ところが『蝶々夫人』は「今回が初めてです」とは意外だ。

「2006年にデビューした当初は欧米各地からこの役のオファーが来ていたのですが、自分も若かったですし、蝶々さんを歌う前に他に歌いたい役もあったので……。でも数年前、〈そろそろ蝶々さんを〉と思う時期が来て、歌の先生と相談しながら、今までやってきたことにひと区切りをつけながら新しいレパートリーへ……と考え、蝶々さんを歌う機会を探していたのです」

「いろいろな役の中でも〈自然に演じることのできる役〉があって、蝶々さんはそれですね」と頷く。

「今まで演じた中でも、その役の、さまざまな状況での感情やリアクションを追究したのは『椿姫』。逆に自分の中からわき出てくる感じがしたのはツェルビネッタやゾフィー。これは私の性格に拠るのかも知れませんが、蝶々さんも、どの場面(シーン)でもその在り様について迷いがあまりないんです」

プッチーニのオペラでも

「『トゥーランドット』と『蝶々夫人』は大好きなオペラでよく観に行きますが、一幕の蝶々さんが登場するシーンでもう泣けてくるんです。しかし蝶々さんは日本的ではない激しさ・強さも持ち合わせていると思います。私は長く海外に住んでいますが、自分の中の日本、欧米文化の影響を受けている自分……それらが混在しているからこそ、欧米人から見た日本、そして彼らが作りあげた日本人女性である蝶々さんに親近感を覚えるのかも……」

これまで『蝶々夫人』について教えを受けた先生はすべて「海外のかたでした」という森谷だから、作品に対してフラットに入れるのかも知れない。

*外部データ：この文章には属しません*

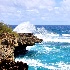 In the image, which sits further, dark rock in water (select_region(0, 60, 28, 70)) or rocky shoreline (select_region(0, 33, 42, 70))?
rocky shoreline (select_region(0, 33, 42, 70))

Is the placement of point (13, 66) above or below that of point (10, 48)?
below

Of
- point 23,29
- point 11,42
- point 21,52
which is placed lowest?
point 11,42

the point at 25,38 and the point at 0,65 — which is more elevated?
the point at 25,38

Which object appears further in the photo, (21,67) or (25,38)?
(25,38)

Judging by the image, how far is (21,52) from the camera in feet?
203

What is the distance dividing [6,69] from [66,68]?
27.0m

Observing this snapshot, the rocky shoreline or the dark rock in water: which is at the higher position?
the rocky shoreline

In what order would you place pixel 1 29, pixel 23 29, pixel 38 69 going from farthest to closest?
pixel 23 29
pixel 1 29
pixel 38 69

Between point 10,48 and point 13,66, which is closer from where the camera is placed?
point 13,66

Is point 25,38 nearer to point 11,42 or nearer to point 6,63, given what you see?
point 11,42

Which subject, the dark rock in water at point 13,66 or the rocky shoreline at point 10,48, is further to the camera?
the rocky shoreline at point 10,48

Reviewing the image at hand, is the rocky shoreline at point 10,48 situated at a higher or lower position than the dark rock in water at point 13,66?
higher

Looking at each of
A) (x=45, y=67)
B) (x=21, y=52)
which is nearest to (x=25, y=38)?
(x=21, y=52)

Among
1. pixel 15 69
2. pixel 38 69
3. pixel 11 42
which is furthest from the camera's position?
pixel 38 69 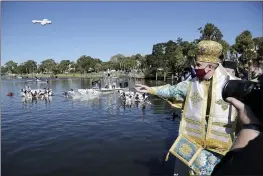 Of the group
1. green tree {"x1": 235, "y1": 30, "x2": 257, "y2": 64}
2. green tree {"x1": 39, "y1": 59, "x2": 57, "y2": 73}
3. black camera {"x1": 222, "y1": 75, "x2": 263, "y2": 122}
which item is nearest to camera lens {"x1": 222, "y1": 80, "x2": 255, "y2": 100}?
black camera {"x1": 222, "y1": 75, "x2": 263, "y2": 122}

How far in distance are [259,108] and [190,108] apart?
2143 mm

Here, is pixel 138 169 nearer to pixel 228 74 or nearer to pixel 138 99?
pixel 228 74

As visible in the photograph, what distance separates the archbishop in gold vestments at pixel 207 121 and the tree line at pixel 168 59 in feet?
1.53

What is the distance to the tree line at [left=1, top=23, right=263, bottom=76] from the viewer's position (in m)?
45.9

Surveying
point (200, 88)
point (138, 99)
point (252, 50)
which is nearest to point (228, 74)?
point (200, 88)

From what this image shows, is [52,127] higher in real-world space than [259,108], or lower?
lower

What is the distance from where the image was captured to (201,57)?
3656mm

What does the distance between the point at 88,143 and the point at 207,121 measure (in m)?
10.4

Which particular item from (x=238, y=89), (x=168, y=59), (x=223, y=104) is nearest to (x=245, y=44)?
(x=168, y=59)

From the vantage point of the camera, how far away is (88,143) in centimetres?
1334

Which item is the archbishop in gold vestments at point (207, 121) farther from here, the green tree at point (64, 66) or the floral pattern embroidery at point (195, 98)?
the green tree at point (64, 66)

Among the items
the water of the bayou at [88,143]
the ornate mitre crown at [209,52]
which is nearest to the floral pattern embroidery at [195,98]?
the ornate mitre crown at [209,52]

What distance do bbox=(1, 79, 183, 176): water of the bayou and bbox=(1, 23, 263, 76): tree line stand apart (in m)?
4.45

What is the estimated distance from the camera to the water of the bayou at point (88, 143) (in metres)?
9.98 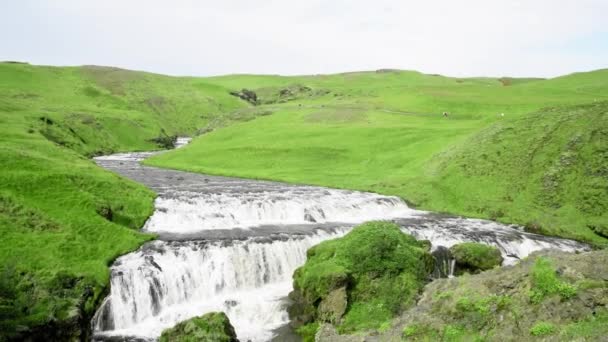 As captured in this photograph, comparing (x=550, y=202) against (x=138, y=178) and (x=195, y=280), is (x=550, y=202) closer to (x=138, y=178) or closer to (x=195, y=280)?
(x=195, y=280)

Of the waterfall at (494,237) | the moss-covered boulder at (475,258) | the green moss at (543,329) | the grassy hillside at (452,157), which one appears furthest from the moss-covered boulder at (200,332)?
the grassy hillside at (452,157)

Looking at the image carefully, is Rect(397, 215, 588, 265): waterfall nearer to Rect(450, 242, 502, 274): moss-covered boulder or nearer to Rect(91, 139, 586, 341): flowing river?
Rect(91, 139, 586, 341): flowing river

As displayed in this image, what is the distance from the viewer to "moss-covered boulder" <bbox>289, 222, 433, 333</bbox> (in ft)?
75.0

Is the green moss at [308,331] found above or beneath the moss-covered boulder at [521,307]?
beneath

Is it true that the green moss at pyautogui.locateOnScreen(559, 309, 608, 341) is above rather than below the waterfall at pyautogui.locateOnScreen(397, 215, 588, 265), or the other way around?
above

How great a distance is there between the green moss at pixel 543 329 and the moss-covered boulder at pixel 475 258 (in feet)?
67.5

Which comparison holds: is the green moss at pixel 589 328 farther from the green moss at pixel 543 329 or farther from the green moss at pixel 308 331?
the green moss at pixel 308 331

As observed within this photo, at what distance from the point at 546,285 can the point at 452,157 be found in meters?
50.6

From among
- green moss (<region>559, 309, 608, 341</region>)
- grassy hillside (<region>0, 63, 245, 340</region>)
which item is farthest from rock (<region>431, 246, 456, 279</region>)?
grassy hillside (<region>0, 63, 245, 340</region>)

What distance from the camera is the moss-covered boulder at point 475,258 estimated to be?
3189 cm

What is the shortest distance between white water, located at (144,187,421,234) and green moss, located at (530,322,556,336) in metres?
30.0

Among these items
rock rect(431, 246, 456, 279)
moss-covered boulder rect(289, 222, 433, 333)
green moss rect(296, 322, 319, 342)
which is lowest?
green moss rect(296, 322, 319, 342)

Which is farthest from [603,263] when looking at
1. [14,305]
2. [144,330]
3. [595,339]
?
[14,305]

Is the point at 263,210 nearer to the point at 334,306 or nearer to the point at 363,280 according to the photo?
the point at 363,280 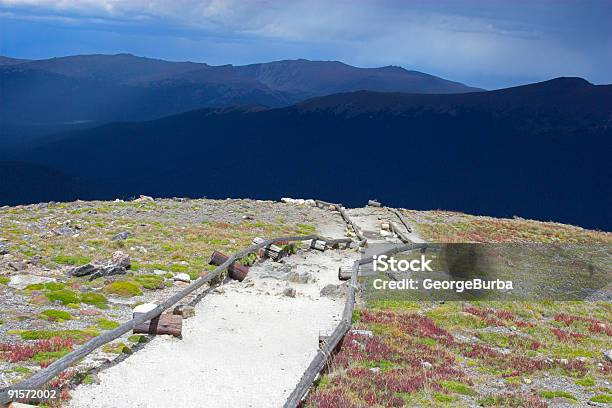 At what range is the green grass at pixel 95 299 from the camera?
21.9m

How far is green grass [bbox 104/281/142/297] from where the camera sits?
77.9ft

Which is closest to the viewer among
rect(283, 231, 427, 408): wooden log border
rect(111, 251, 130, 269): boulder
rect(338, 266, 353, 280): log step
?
rect(283, 231, 427, 408): wooden log border

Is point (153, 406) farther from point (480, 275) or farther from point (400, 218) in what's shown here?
point (400, 218)

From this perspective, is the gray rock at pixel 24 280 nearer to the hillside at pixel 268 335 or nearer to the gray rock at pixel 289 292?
the hillside at pixel 268 335

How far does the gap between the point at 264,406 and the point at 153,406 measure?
103 inches

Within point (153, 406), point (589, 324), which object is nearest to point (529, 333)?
point (589, 324)

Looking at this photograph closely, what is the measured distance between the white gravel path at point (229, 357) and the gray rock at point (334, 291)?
0.49 metres

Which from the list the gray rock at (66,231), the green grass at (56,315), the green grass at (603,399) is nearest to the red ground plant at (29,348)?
the green grass at (56,315)

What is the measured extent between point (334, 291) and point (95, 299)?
10397 millimetres

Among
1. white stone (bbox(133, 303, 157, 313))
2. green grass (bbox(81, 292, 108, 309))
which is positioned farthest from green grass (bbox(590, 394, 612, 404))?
green grass (bbox(81, 292, 108, 309))

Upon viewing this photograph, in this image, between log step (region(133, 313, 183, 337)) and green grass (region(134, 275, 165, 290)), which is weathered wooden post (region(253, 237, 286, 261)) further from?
log step (region(133, 313, 183, 337))

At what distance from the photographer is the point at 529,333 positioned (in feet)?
77.3

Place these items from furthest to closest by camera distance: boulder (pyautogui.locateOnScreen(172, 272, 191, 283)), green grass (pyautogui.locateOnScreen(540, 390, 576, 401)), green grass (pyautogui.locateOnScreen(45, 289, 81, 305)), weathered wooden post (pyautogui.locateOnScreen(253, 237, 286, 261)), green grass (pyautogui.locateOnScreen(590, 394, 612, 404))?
1. weathered wooden post (pyautogui.locateOnScreen(253, 237, 286, 261))
2. boulder (pyautogui.locateOnScreen(172, 272, 191, 283))
3. green grass (pyautogui.locateOnScreen(45, 289, 81, 305))
4. green grass (pyautogui.locateOnScreen(540, 390, 576, 401))
5. green grass (pyautogui.locateOnScreen(590, 394, 612, 404))

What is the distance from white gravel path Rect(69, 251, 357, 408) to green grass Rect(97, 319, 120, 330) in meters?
1.91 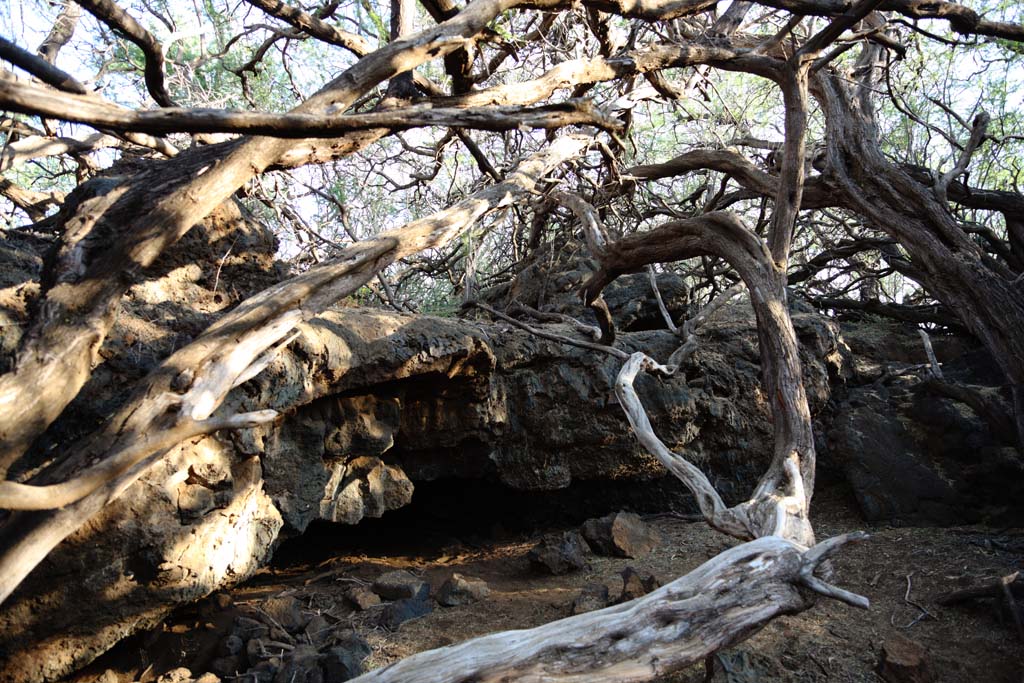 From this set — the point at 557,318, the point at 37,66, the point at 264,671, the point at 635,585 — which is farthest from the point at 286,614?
the point at 37,66

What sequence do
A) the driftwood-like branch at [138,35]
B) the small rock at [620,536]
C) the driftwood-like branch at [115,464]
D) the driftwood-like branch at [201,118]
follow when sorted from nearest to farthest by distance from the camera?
the driftwood-like branch at [201,118] → the driftwood-like branch at [115,464] → the driftwood-like branch at [138,35] → the small rock at [620,536]

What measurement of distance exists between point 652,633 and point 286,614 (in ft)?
8.30

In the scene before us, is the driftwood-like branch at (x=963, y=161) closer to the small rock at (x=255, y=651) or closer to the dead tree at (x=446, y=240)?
the dead tree at (x=446, y=240)

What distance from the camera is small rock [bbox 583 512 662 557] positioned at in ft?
16.2

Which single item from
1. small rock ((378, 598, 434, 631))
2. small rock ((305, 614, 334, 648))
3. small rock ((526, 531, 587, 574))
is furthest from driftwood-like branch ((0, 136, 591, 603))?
small rock ((526, 531, 587, 574))

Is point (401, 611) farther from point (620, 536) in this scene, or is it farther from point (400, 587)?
point (620, 536)

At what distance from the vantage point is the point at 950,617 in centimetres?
386

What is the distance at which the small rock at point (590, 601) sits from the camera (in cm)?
395

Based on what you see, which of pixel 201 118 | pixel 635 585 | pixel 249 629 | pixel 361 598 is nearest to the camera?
pixel 201 118

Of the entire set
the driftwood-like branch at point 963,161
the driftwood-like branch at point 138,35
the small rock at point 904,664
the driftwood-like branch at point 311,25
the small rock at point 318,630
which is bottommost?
the small rock at point 904,664

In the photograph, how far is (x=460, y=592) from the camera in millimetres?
4477

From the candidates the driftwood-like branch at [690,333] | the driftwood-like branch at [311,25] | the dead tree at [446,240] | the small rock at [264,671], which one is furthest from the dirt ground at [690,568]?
the driftwood-like branch at [311,25]

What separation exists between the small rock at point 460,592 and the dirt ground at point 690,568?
0.06 metres

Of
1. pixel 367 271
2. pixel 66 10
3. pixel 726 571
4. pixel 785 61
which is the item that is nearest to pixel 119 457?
pixel 367 271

「あとは演出家の先生のご指導をお待ちして……。蝶々さんは、キャラクターとしては私たちがイメージする日本人女性ではないと感じますが、栗山先生の『蝶々夫人』を拝見したとき、日本で創られた日本の演出家による舞台はこれほどに〈和〉を美しく表現するのか……と感嘆したのです。所作や色づかいにきっちりと〈日本〉が出ているこの舞台に、ぜひ出演させていただきたいと思いました」

森谷真理(もりや まり) ソプラノ

栃木県出身。武蔵野音楽大学大学院及びマネス音楽院修了。レヴァイン指揮メトロポリタン歌劇場『魔笛』夜の女王で大成功を収め、他にも『椿姫』や『マリア・ストゥアルダ』タイトルロール等、欧米の主要歌劇場で活躍。国内では『リゴレット』ジルダ、『夏の夜の夢』ティターニア、『魔笛』パミーナ、『後宮からの逃走』コンスタンツェで好評を博す。今後は5月三河市民オペラ『イル・トロヴァトーレ』レオノーラ、夏に『ばらの騎士』に出演。ウィーン在住。
二期会会員
marimoriya.com

今井俊輔

オペラの世界へと
扉を開いた作品で
個性を生かしつつ、
難しい役に挑戦する

「これも本当にやり甲斐のある役ですね……とても嬉しいです」と喜びを噛みしめる今井俊輔。2月の『トスカ』スカルピアに続いて10月の『蝶々夫人』ではシャープレスを歌い、バリトン歌手として是非にという2役でその実力を大いに発揮することになる。

彼がオペラの舞台上演を初めて生で観たのも、実は『蝶々夫人』だったという。もともと水泳競技を続けながらインストラクターやライフセイバーをつとめ、歌の世界へ転身したという異色の経歴を持つ今井は、東京藝大声楽科に入るまでオペラの知識はまるでなかったというが、

「2006年に上演された二期会の公演を観て、号泣したんですよ。[シャープレスを歌った]直野資先生は凄いし[ピンカートンの]福井敬先生も凄いし……。直野先生が手紙のシーンを淡々と進めながらご自分の音楽を創っていく、その後、蝶々さんが死ぬのも判っていながら……またそこからが!舞台も綺麗で〈あぁここに立ちたい!〉と思いました」

生のオペラ公演の魅力にはまってしまい、数々の名舞台に通いながら自身も真摯にオペラ修業に励み、イタリア留学で錬磨を重ね……オペラ歌手として活躍を広げるいま、歌の道を歩き始めた頃に心深く震わせた『蝶々夫人』の舞台に立つ。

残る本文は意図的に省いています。